As Wreck-It Ralph 2 has expertly pointed out, Disney princesses haven't always made the best role models for young women. When they weren't going straight Patty Hearst and falling in love with their giant monster kidnappers, they were generally waiting for a boy to kiss them out of unconsciousness or for Mel Gibson to teach them about the importance of white culture.

The most egregious offender is Ariel, the Little "What's The Word?" Mermaid. To recap: Ariel sees (not meets, sees) a boy she likes and decides she wants to go live with him. Her dad argues against the idea, despite his daughter's insistence that she's 16 whole years old. When Papa incurs Ariel's eternal dismay by smashing her literal garbage, she goes to a sea witch and swaps her voice for a set of gams, then tries to get that boy from earlier to fall in love with her without the aid of her sweet fish pipes.

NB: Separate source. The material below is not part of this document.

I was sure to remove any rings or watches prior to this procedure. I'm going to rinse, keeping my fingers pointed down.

Ariel probably could've made a decent pass at the guy if she'd written him a letter. Unfortunately, in a comedy of errors, he can't connect with her due to the lack of communication and starts seeing that sea witch. And that, to quote Jay Walter Weatherman, is why you always leave a note.

Every Single Terminator

Them Terminators, buddy. They just can't seem to kill a Connor for trying. More than 30 years, a franchise full of movies, and a TV series later, Terminators have now killed more attempts to reinvigorate the series than they have actual Connors. And why?

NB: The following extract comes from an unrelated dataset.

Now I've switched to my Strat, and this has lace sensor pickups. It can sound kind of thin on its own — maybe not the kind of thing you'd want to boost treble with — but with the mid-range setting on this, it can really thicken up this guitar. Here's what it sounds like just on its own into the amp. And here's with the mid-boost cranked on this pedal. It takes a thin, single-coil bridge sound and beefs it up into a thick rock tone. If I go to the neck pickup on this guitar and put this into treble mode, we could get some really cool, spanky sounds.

Because they don't send enough Terminators, that's why. This is an army of seemingly endless death machines built with the sole intention of destroying all life, and for some reason they get all shoe-scuffly at the idea of sending more than one robot to the past at a time. And don't believe the line about not wanting to pollute the timeline. The handful of murder Roombas that they've sent back have already blown up more stuff than Michael Bay.

Listen up, robots. Not to encourage bad behavior, but audiences are sick to death of watching you lose whenever the opportunity arises. Next time you want a John Connor dead, just send a platoon of T-1000s and let history sort itself out.

Lord of the Rings

Originally released from 2001 to 2003 with a runtime long enough that it's mathematically impossible for you to have finished all of them by now, Lord of the Rings was a cultural movement that shifted Hollywood's perception of how much Sean Astin the world was willing to pay to see. At the center of the plot is the One Ring, a magical artifact of such portent that only a volcano can destroy it. And you know what? It has to be destroyed. It turns people invisible. There has to be more to it than that, but that's about as far as the film's explanation goes.

We find out pretty early on, though, that the ring has been volcano-adjacent in the past. Evidently, there was a war fought over the thing ages ago, and Elrond (a.k.a. Agent Smith) and his buddy Isildur managed to scrap their way into Mount Convenient Ledge back in the day. Isildur was holding the ring right there in a room that was lousy with lava and then got (metaphorically) cold feet.

Which is when Elrond should've shoved that cat straight into magma. Harsh? Yes, but the friends who are hardest on you are the best friends to have.